Coupang has filed a patent for a system and method that generates and presents relevant product search results based on a user’s past purchase history. The system retrieves a user’s search query, historical purchase data, and experimental data comprising a hierarchical list of product categories. It then determines queried product categories, generates a hierarchical list of historical product categories, and ranks the search results based on the user’s past purchases. The ranked list is then presented to the user. GlobalData’s report on Coupang gives a 360-degree view of the company including its patenting strategy. Buy the report here.
According to GlobalData’s company profile on Coupang, AI for workflow management was a key innovation area identified from patents. Coupang's grant share as of September 2023 was 41%. Grant share is based on the ratio of number of grants to total number of patents.
Generating and presenting relevant product search results based on user history
A computer-implemented system for generating and presenting product search results based on a user query has been described in a filed patent.

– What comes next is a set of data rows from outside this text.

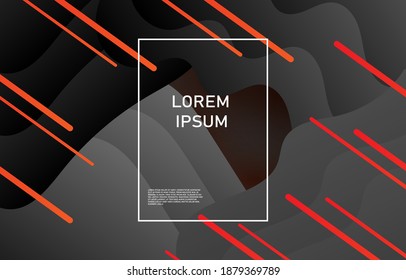 gradient Gray and black pattern geometric background. Red,orange straight lines. Used to decorate publications or advertisements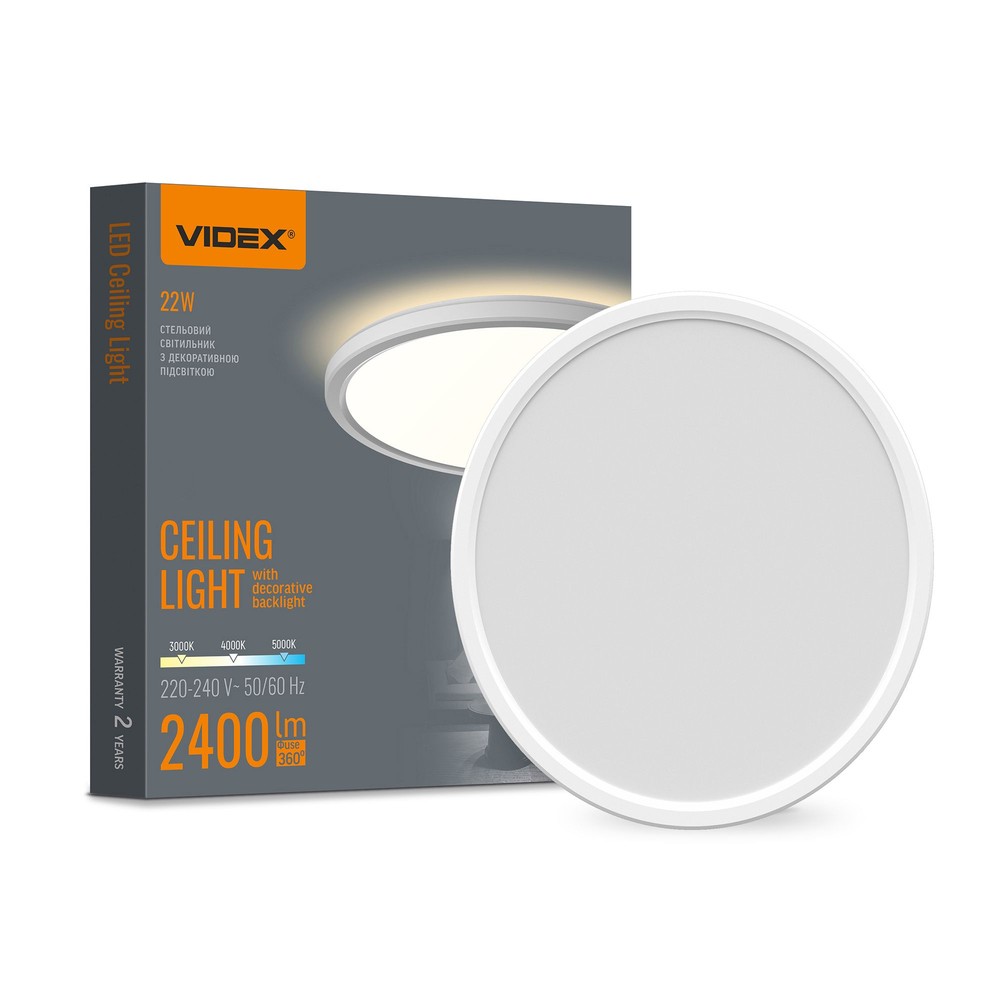 Dl5r Taklampa 22w Led Dekorativ Bakbelysning Cct Justerbar 220v Vit Kulör : Neutral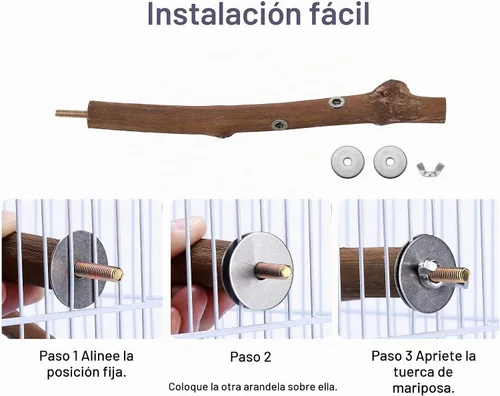 Vista 4 de CozyCabin Soporte de perca natural para pájaros para jaula, colgante de múltiples ramas de vid, perca de loro, jaula de pájaros, juguetes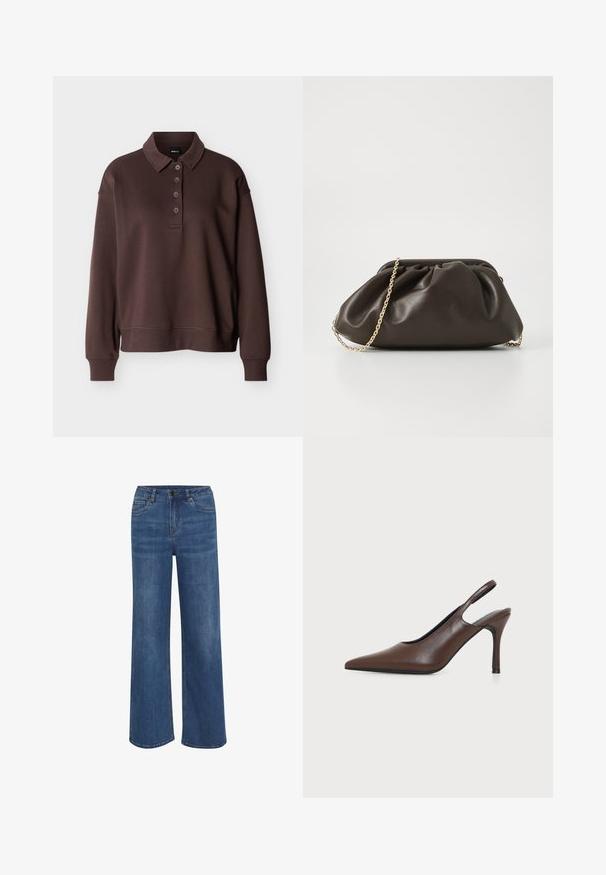 Bruine lange mouwen polo met vier knopen, geribbelde manchetten en een geribbelde zoom tegen een effen witte achtergrond.; Wijduitlopende jeans van middelblauwe denim. Voorzien van een knoop- en ritssluiting, vijf zakken en subtiele vervaging op de stof.; Bruine leren slingback pumps met spitse neus en dunne naaldhak op een effen lichte achtergrond.; Bruine leren handtas met een geaccentueerd ontwerp, gouden kettinghengsel en een zachte, textuurafwerking. Compacte vorm geschikt voor avondgebruik.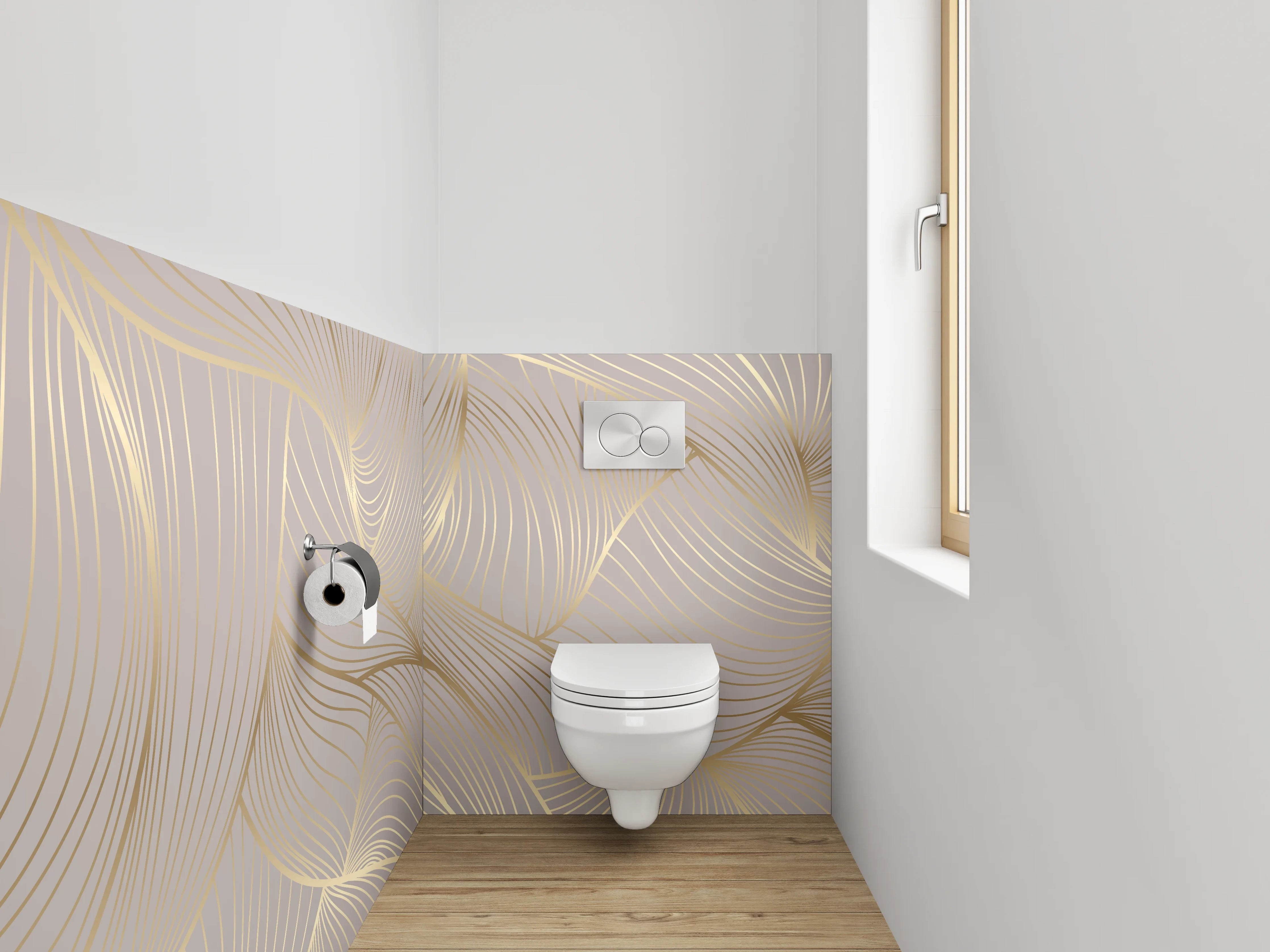 WC-Rückwand - Edles Lineart-Muster in Beige und Gold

The system includes a memory storing instructions and at least one processor configured to execute the instructions. The operations performed by the system include retrieving a product search query by the user, at least one set of historical purchase data associated with the user, and at least one set of experimental data comprising hierarchical lists of product categories. The system then determines a plurality of attributes associated with the product query and at least one pattern associated with these attributes using machine-learning algorithms. Based on these attributes and patterns, the system generates a list of queried product categories. Additionally, the system generates a hierarchical list of historical product categories associated with the user using the user's historical purchase data and the experimental data.
Using machine-learning algorithms, the system ranks the list of product search results based on a relevancy metric to the user's product query. The relevancy metric can be based on factors such as past purchase volume or state of recency. Finally, the system presents the ranked list of product search results to the user.
The system also includes features such as determining a history of prior access to the historical purchase data and storing the data in a cache memory if there is no history of prior access. The list of historical product categories associated with the user is further ranked based on the frequency of the user's past purchases within each category. The order of displaying the product search results to the user is based on the ranking of each result.
The patent also describes a computer-implemented method for generating and presenting product search results based on a user query. The method includes similar steps as the system, such as retrieving the product search query, determining attributes and patterns, generating queried product categories, generating a hierarchical list of historical product categories, ranking the search results, and presenting them to the user.
Overall, the system and method described in the patent aim to improve the accuracy and relevance of product search results by utilizing machine-learning algorithms and historical purchase data. By considering user preferences and past purchase behavior, the system can provide more personalized and tailored search results to enhance the user's shopping experience.